Overview

RAG (retrieval-augmented generation) uses text embeddings: you embed (vectorize) documents, persist them in a vector store, and later retrieve the most relevant chunks for a query using similarity search.

Compared to generating text embeddings only, the key differences are:

You must persist embeddings (vectors) alongside the original text (and optional metadata) in a vector store.
At query time, you embed the query and run top‑K vector search to fetch the most relevant documents/chunks.
You typically pass the retrieved text to completion() as context to ground the model's answer (this retrieval step is what makes it RAG).

Functions

loadModel() (with modelType: "embeddings")
embed() — generate vectors
Use any combination of the RAG functions below as needed:
- ragChunk() — chunk documents
- ragIngest() — embed and store (requires model)
- ragSaveEmbeddings() — save pre-computed vectors
- ragSearch() — query similar documents (requires model)
- ragReindex() — optimize search index
- ragDeleteEmbeddings() — remove documents
- ragListWorkspaces() — list workspaces
- ragCloseWorkspace() — release resources
- ragDeleteWorkspace() — delete workspace and data
unloadModel()

For how to use each function, see SDK — API reference.

Pipeline

Create your RAG pipeline using text embeddings, the functions above, and completion.

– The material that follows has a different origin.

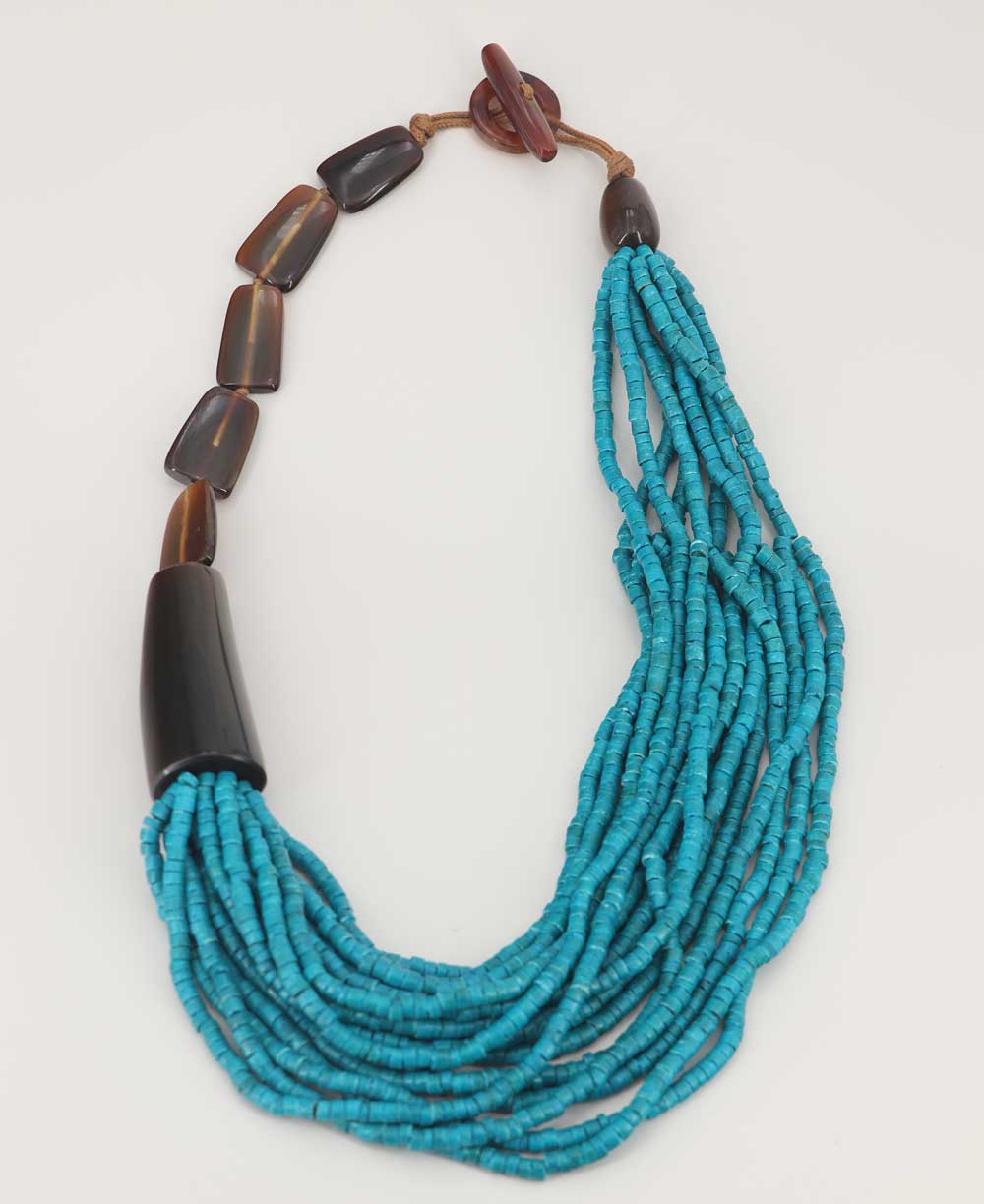 asymmetric horn coconut bead necklace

Regarding vector storage, you may use:

Built-in vector store: use the RAG workspace functions (ragIngest(), ragSearch(), etc.). QVAC persists the vectors for you, so this is the simplest path.
External vector DB: use the embedding primitives (ragChunk(), embed()) and store the vectors wherever you want (e.g., LanceDB, ChromaDB, SQLite-Vector). Choose this when you need custom persistence, filtering, or integration with an existing database.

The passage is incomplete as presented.